Energizing the Higher Ed Sustainability Movement -- with Renewables
I recently attended the fourth annual Renewable Energy Technology (RETECH) conference in Washington, D.C., from September 19-20, hosted by the American Council on Renewable Energy (ACORE).
A non-profit with a vast array of contacts in the utilities, finance, and policy sectors of the industry, ACORE is producing notable research, including the US-China Quarterly Market Review and the Renewable Energy in America interactive report,
So where does higher education sustainability fit into all this?
It seems intuitive to consider renewables as part of the equation for lowering the climate impact of a college or university, but there are challenges (e.g. financing, leadership approval) with which higher education institutions continue to grapple. This workshop helped to bring to light the ongoing challenges, but also the opportunities and benefits of renewable energy in higher education institutions.

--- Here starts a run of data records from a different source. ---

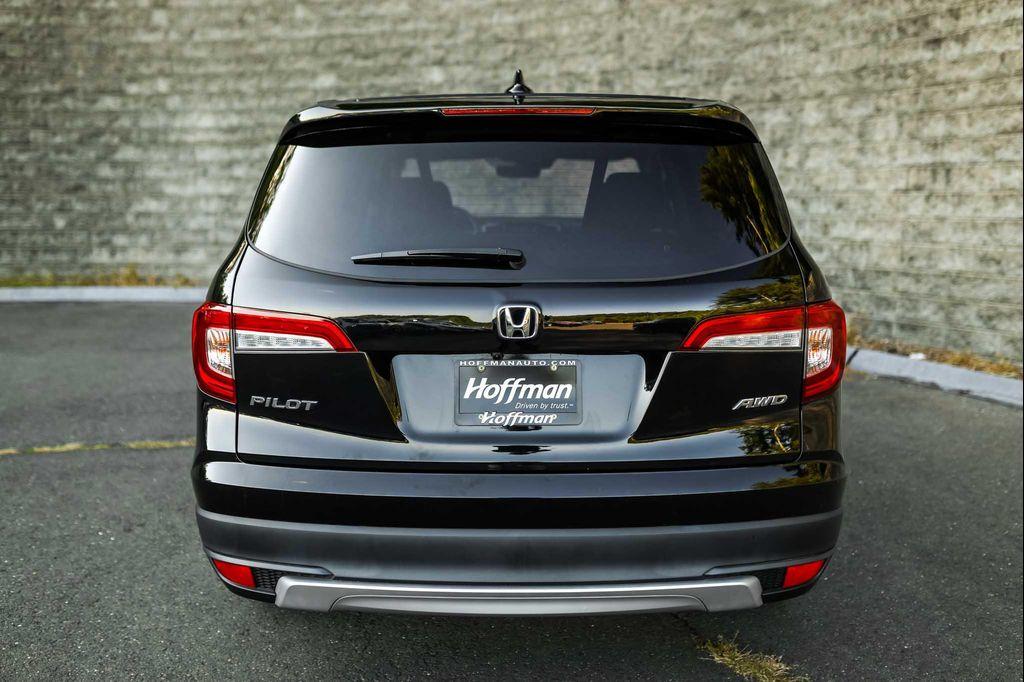 used 2022 Honda Pilot car, priced at $33,750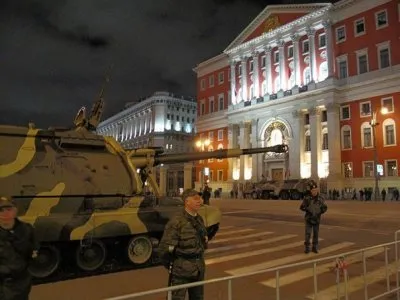 В Москву ввели бронетехнику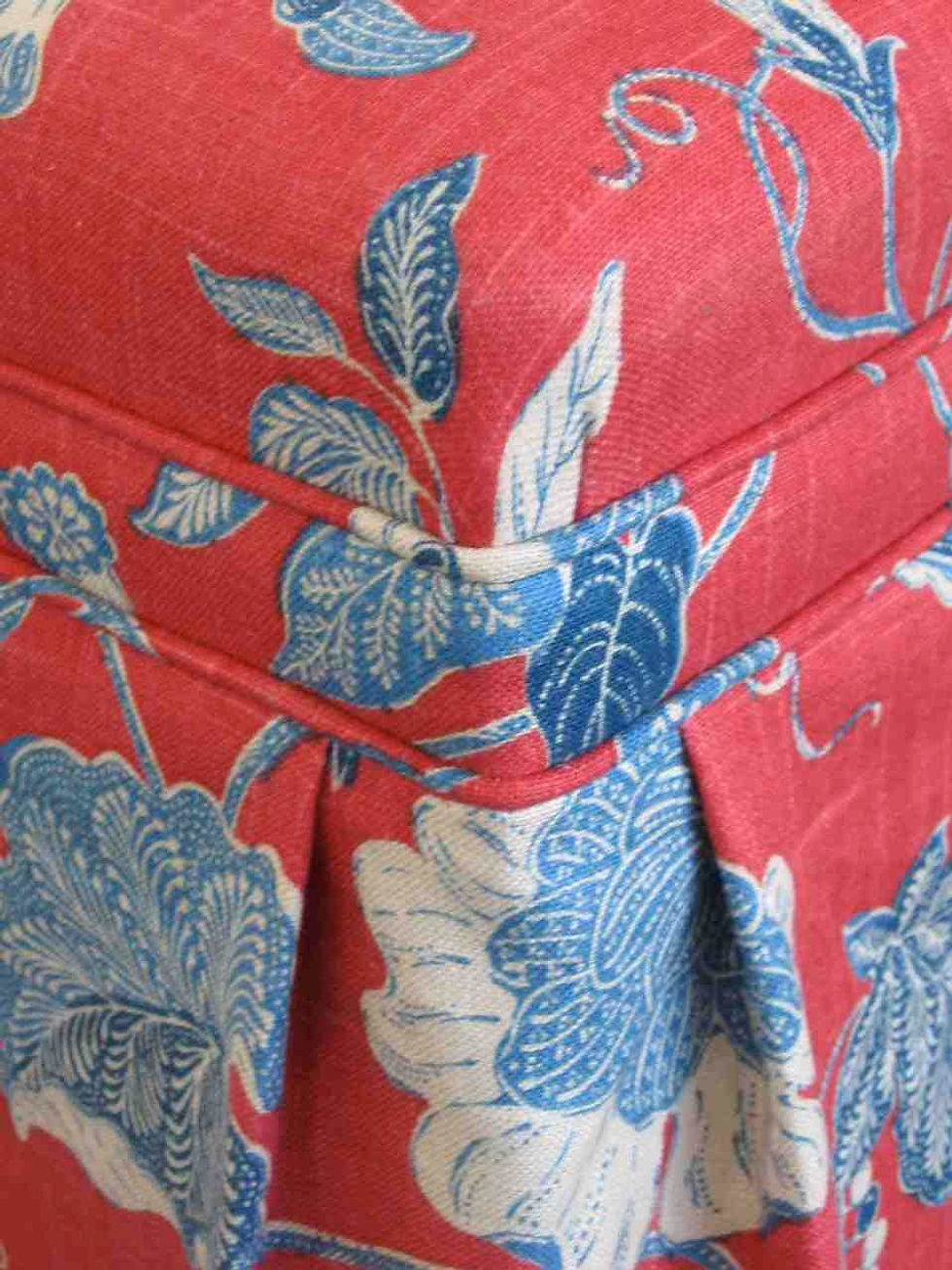FLORAL CORNER DETAILS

ACORE has had a Higher Education Committee for a few years now, but this year marks the first time ACORE has held a Higher Education Workshop during the RETECH conference. Though the focus was on renewable energy, the workshop allowed for discussion across a range of topics–from curriculum development to campus research to strategies to achieve carbon neutrality.
With a group of about 20 participants, the workshop ran for four hours, and included three different sessions:
- Integrating Renewable Energy into Curricula
- The Role of Research: Opportunities and Respective Roles
- Achieving Zero Carbon Campuses by 2050.

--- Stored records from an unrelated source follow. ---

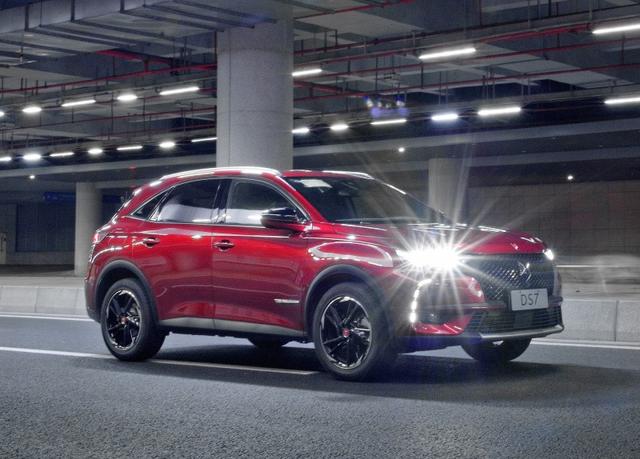 DS7处境困难,顶配30多万却1.6T加前驱,降低定位或许还有销量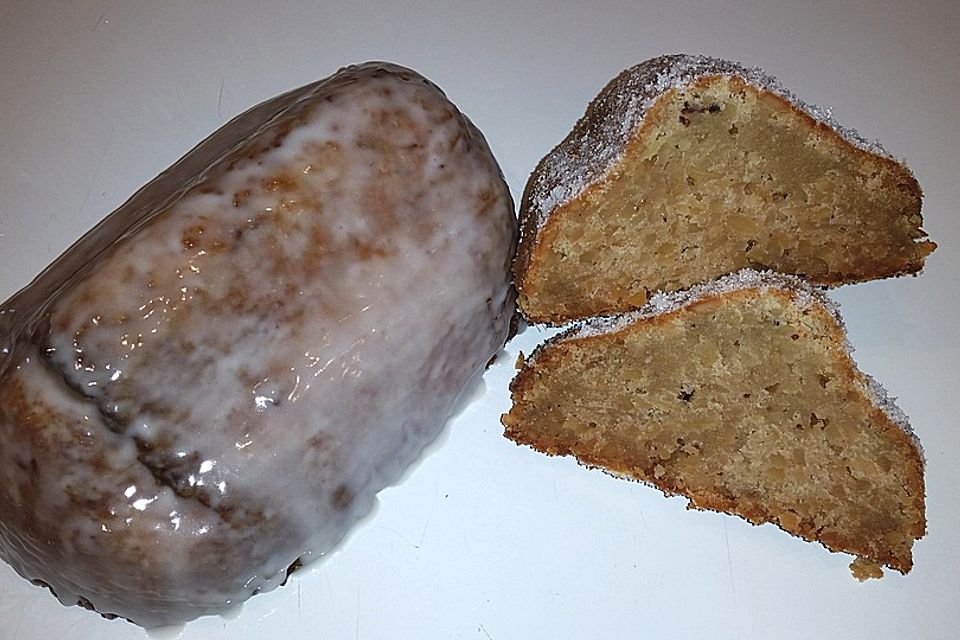 Mandelstollen mit Fondantglasur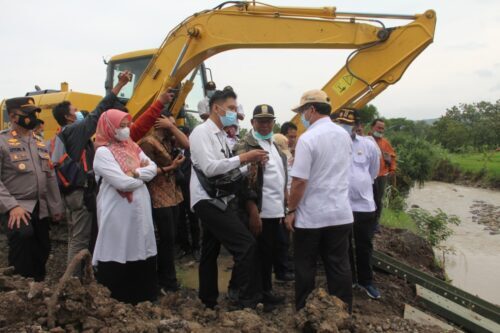 Bupati Cirebon Imron Rosyadi bersama Kepala Dinas PUPR Iwan Rizky, saat kunjungan ke lokasi jembatan ambruk di Desa Karangwuni Kecamatan Sedong (Foto: bambang Setiawan/dara.co.id)
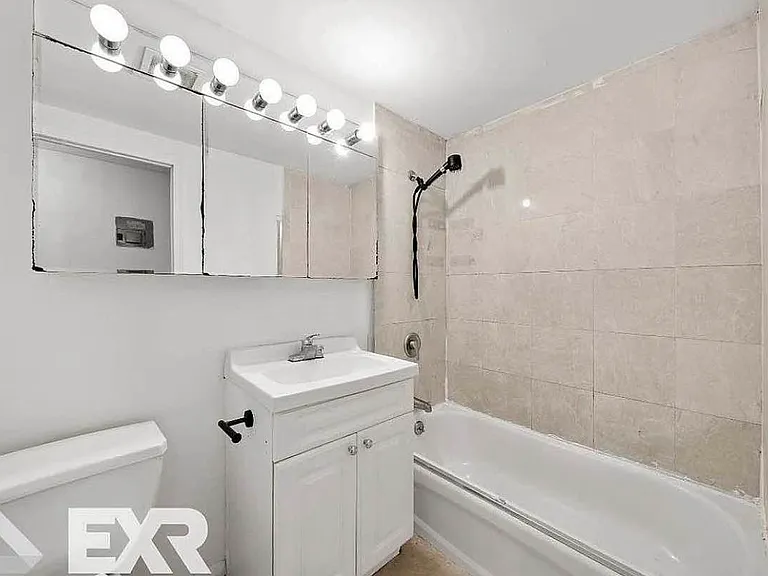 530 W 47th St #3B — Photo 13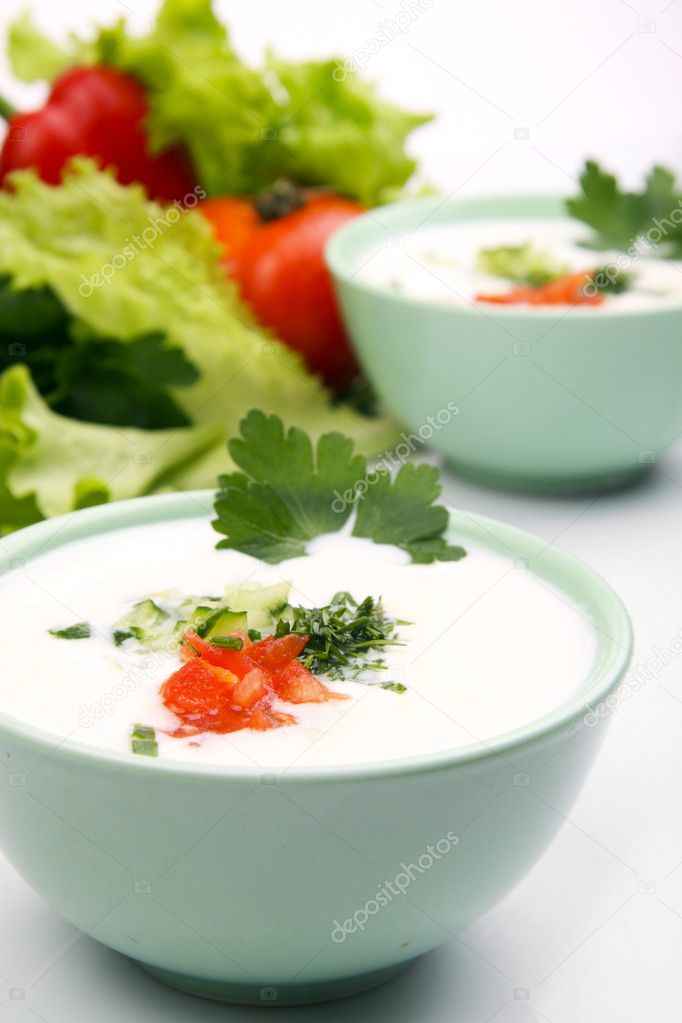 Yogurt soup with vegetables
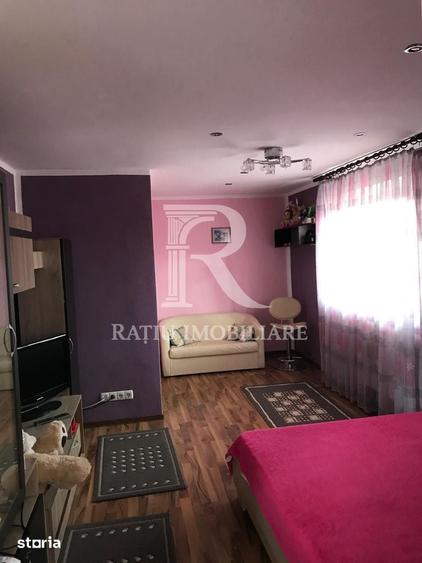 Casă cu 5 camere cu Teren 500 Mp în Oncea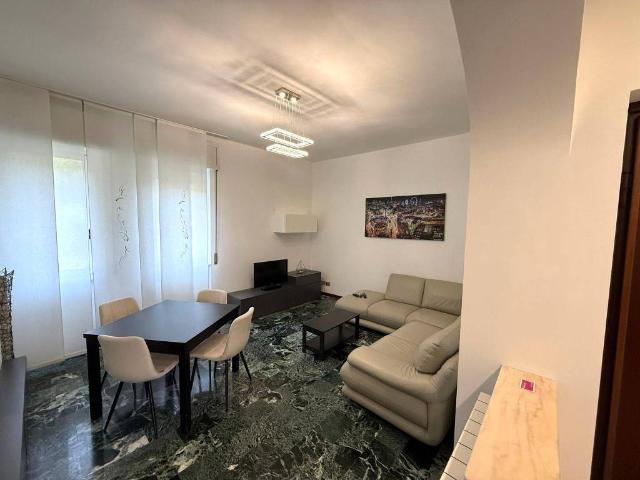 Appartamento in affitto a Como, Lombardia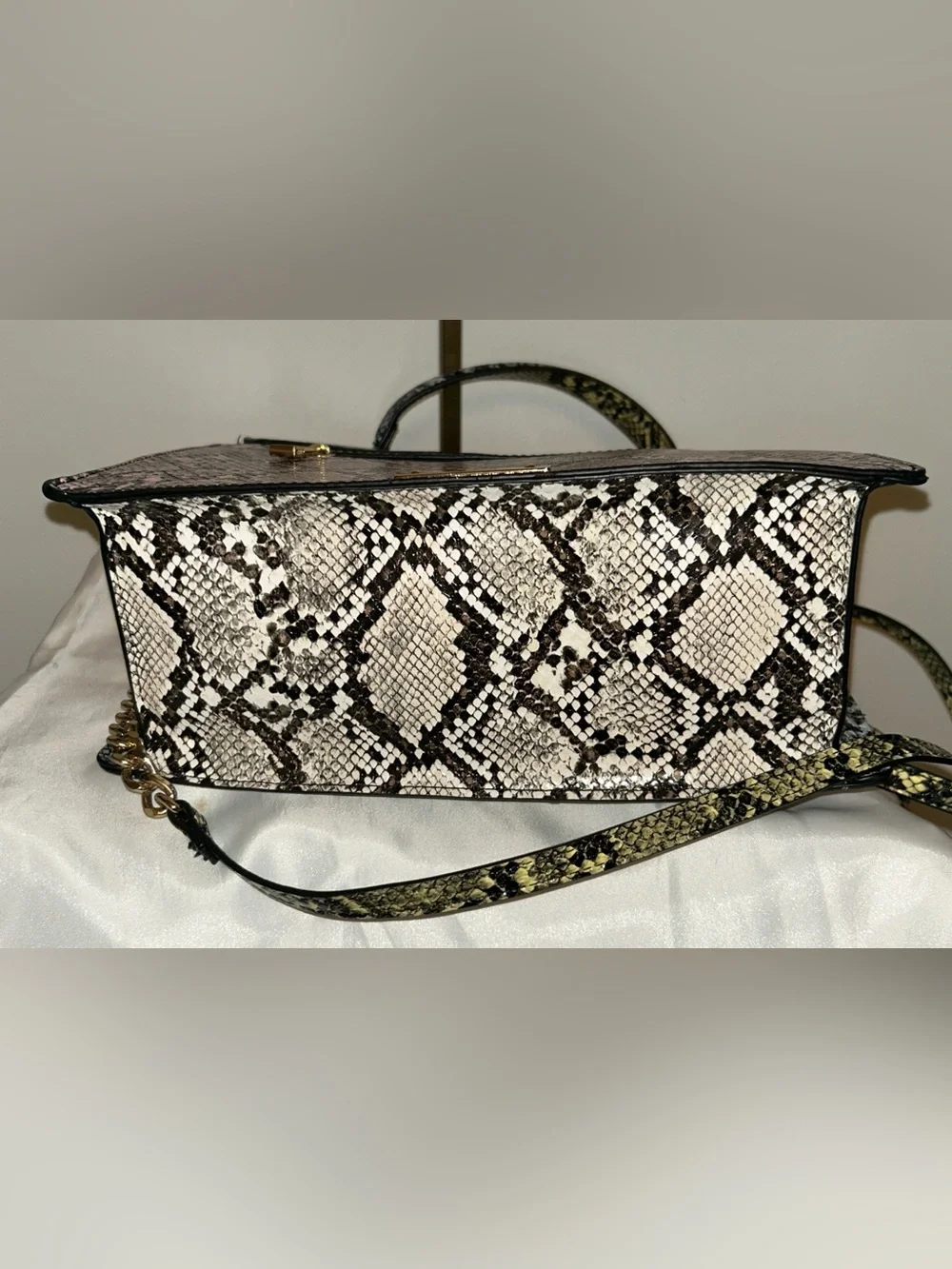 Aldo Clairlea multi-colored snake print handbag NWOT - Picture 6 of 9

In the third session I presented on AASHE’s initiatives to promote campus climate neutrality and renewable energy, alongside Blain Collison of the EPA’s Green Power Partnership Program, as well as engineer Doug Maust who worked on the construction of the University of Minnesota’s wind turbine.
Three, key themes that came out of the workshop discussions and the following day’s full member meeting were:
1) Renewable energy plays an essential role in the growing movement towards sustainability and climate neutrality in higher education.
2) Partnerships between campuses and higher education associations as well as other sustainability organizations can further understanding of how renewable energy can play a role at higher education institutions.
3) Renewable energy initiatives on campus can pose valuable benefits beyond lowering the ecological footprint of the campus.
As an example of the last, Angela Halfacre, professor and Director of the Shi Center for Sustainability at Furman University, discussed the ways in which renewable energy initiatives were integrated into Furman’s curriculum. One of the eight solar arrays on this small liberal arts campus in North Carolina was installed completely by students. Dr. Halfacre also led a course for twelve students, “Conservation and Renewable Energy May Experience,” structured to challenge students to conduct research and present their findings in a month-long capstone format.
As hubs of innovation and research, higher education institutions have students, faculty, and staff with the ability to test, teach, and talk about renewable energy technologies. The sharing of knowledge, challenges, successes, is intrinsically built into the culture of research and education. This highlights the unique opportunity that higher education institutions have to develop and advance renewable energy technologies, with ripple effects that can far surpass the boundaries of a campus and direct reduction in resource consumption.